Victor Ramirez (34) did not attend his trial on Wednesday, having been deported to the Dominican Republic shortly after his release from custody on February 14. He was not represented by a lawyer.
Present in court was suspected accomplice I.M.W. (25), who also faced kidnapping charges for driving the getaway vehicle after Ramirez pushed the victim into the back seat and held her down. W., like Ramirez, did not have legal counsel during Wednesday’s trial.
According to the victim's statement, which the judge read in court, she kicked and screamed as Ramirez covered her mouth and W. drove the white Hyundai Accent out of a parking lot at Port de Plaisance Resort and Casino.
Several witnesses reported the abduction to police, but patrols failed to locate the vehicle as it travelled from Cole Bay to a house in Betty’s Estate, where the victim claimed Ramirez and his new girlfriend assaulted her.
Surveillance camera footage from Belair Beach Hotel captured the Hyundai entering a rocky dirt path leading to a darkened section of Little Bay Beach around 11:30pm, or roughly 30 minutes after the kidnapping was reported.
The vehicle remained there for about 15 minutes. The victim told police that she had been strangled and feared the perpetrators had taken her to a secluded location to kill her.
However, they had left when other people had turned up, the victim said. They then drove to nearby Sea Breeze Hotel to wash the blood off the victim’s shirt, before tossing her out of the car on Union Road.
Officers arrested Ramirez and W. in a room at Sea Breeze Hotel early the next morning, following a tip that the Hyundai was parked in the area.
Ramirez and W. were released after spending 10 days behind bars, which, according to the prosecutor, was only allowed because of the limited space in St. Maarten’s overcrowded detention system.
Ramirez, who admitted during a police interrogation to abducting the victim and stealing her phone, was found guilty of kidnapping and robbery. The judge sentenced him according to the prosecutor’s demand.
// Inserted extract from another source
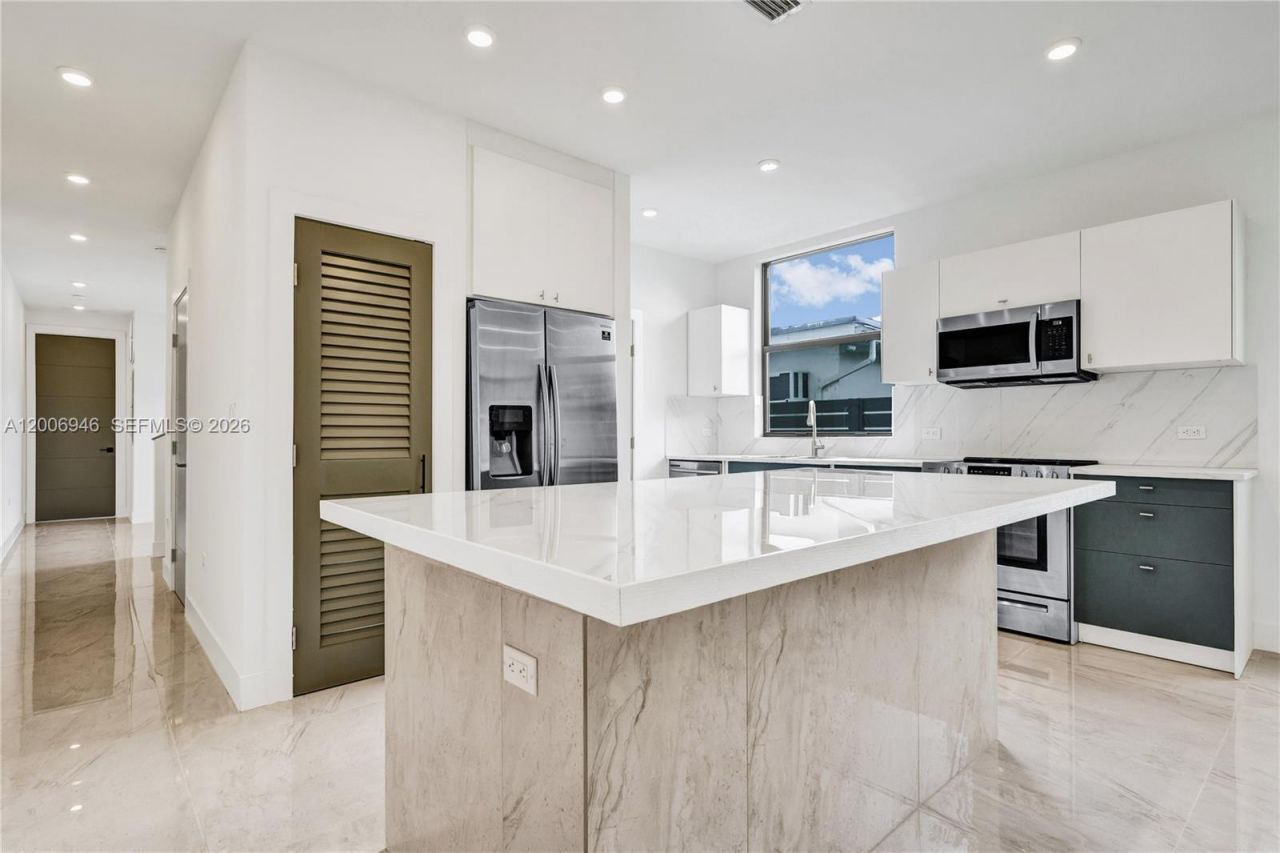 2887 SW 33rd Ave , Unit 2887, Miami, FL 33133 Photo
Describing Ramirez as the “initiator” of the crime, the prosecutor had called for 24-month prison sentence. Because Ramirez had been deported prior to his lower court trial, he will only serve time at the Point Blanche prison if he ever returns to St. Maarten in the future.
Troubled relationship
W. testified that Ramirez and the victim had been in a troubled relationship for two years, and that Ramirez had lived with him for some time after being kicked out by the victim.
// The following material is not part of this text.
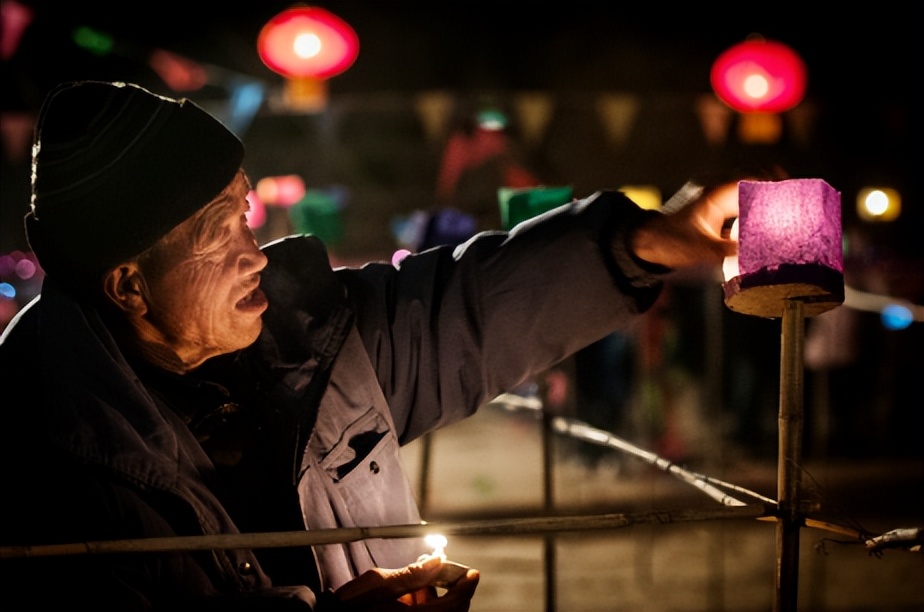 延安传统文化灯笼制作,陕西民间手工木制灯笼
Ramirez claimed during a police interrogation that the victim had been harassing him. W. told the same story to the court, claiming the victim had been calling him constantly in an effort to speak with Ramirez.
Waking up to kidnapping
W. told the court that he was supposed to ring in his birthday at midnight with a friend in a popular Simpson Bay nightclub. W. said Ramirez was giving him a ride, and claimed that he had fallen asleep in the passenger seat on the way.
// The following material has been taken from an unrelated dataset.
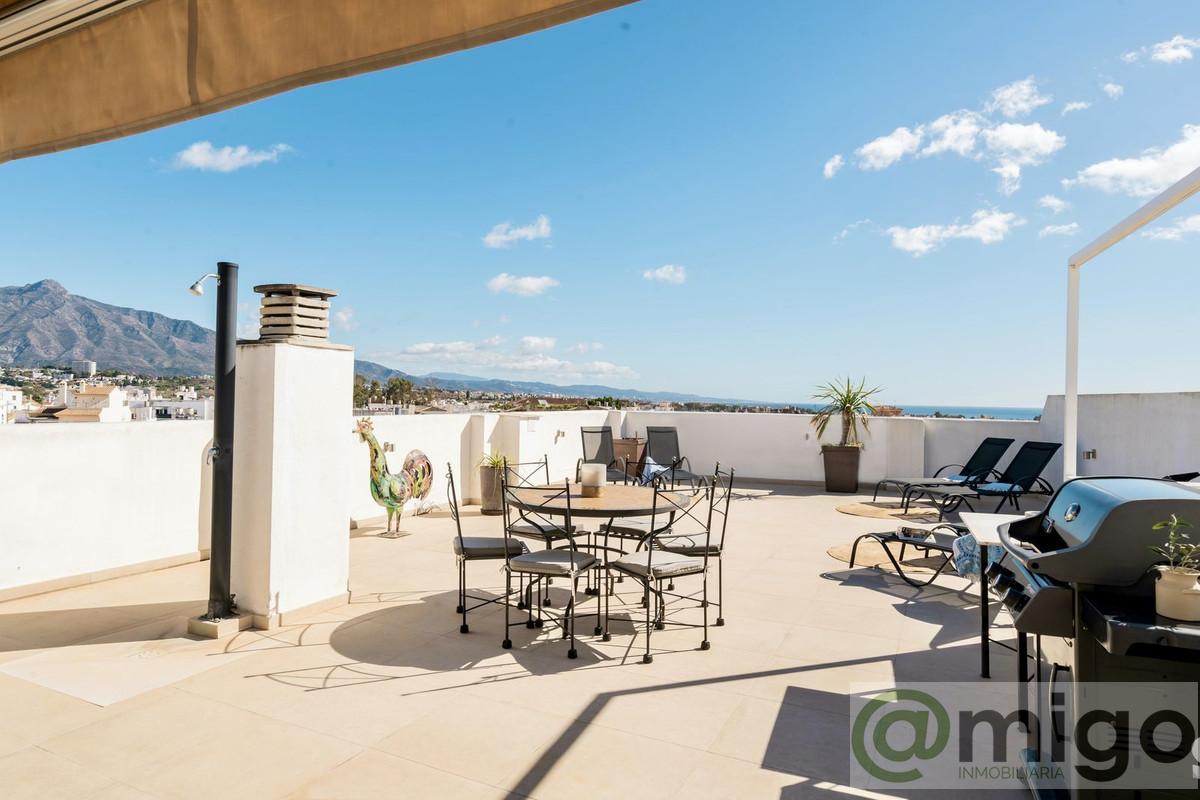 For sale of penthouse in Marbella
He said he had woken up “in shock” to sound of the door opening and saw Ramirez pushing the still-fighting victim into the car. Then he heard someone else knocking on the car window, at which point, he told the court, he jumped into the driver’s seat and quickly left the area.
When the judge asked whether Ramirez had instructed him where to go after leaving the parking lot, W. gave a long pause and slowly nodded his head up-and-down.
Later during the trial, the prosecutor asked W. whether he was afraid of Ramirez.
“I ain’t afraid of him,” W. said. “But I does stay far away when he drinking.”
Although admitting that W. might not have intended to kidnap the victim, the prosecutor argued that he must have known she was being held against her will when she entered the car kicking and screaming.
“From that moment on, the defendant became an accomplice,” the prosecutor said, calling for a prison sentence of 12 months, of which six months would be conditional, and 180 hours of community service.
The prosecutor told the court that he added community service to his demand because W. probably would only be called to serve his sentence “in several years” due to ongoing cell shortages at the country’s only adult prison.
“The defendant needs to feel something now,” the prosecutor said.
W. told the court that he did not find the prosecutor’s demand fair because it had been Ramirez’ relationship problems that got him into the hands of the law.
Acquittal
The judge fully acquitted W. in his verdict, finding insufficient evidence to convict him of either being an accomplice or an accessory to kidnapping.
As W. had woken up suddenly to an abduction in progress, the judge ruled that he might not have had time to consciously realise what was taking place. The judge also ruled that W. might not have been aware of any wrongdoing during the rest of the drive because the victim was not “fighting and screaming all the time.”
Despite Wednesday’s acquittal, W.’s legal troubles may not be over. The Prosecutor’s Office has the right to appeal, which would send the case to be tried at the Joint Court of Justice.